__What you will do__. Collect all lines below with the string "image".

START Supplied information

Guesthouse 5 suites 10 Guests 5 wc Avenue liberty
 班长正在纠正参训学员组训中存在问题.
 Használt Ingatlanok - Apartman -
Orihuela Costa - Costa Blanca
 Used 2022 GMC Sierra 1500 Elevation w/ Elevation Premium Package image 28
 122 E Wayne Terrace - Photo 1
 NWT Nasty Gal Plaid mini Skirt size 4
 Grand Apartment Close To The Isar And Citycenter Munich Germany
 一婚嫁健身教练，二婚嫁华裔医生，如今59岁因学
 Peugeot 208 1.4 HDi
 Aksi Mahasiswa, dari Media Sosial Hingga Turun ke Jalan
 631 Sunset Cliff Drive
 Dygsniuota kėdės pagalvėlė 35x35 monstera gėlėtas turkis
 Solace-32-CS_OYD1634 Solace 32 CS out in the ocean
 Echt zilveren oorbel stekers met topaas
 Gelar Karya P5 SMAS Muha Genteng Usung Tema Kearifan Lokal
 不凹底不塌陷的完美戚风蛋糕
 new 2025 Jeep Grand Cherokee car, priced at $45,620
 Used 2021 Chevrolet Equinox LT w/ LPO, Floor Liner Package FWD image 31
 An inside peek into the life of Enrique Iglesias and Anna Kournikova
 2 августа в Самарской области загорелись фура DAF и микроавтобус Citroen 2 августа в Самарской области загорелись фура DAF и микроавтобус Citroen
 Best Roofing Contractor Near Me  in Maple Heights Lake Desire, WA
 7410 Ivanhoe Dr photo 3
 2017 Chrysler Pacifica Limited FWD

END Supplied information

__Problem solution__.
 Used 2022 GMC Sierra 1500 Elevation w/ Elevation Premium Package image 28
 Used 2021 Chevrolet Equinox LT w/ LPO, Floor Liner Package FWD image 31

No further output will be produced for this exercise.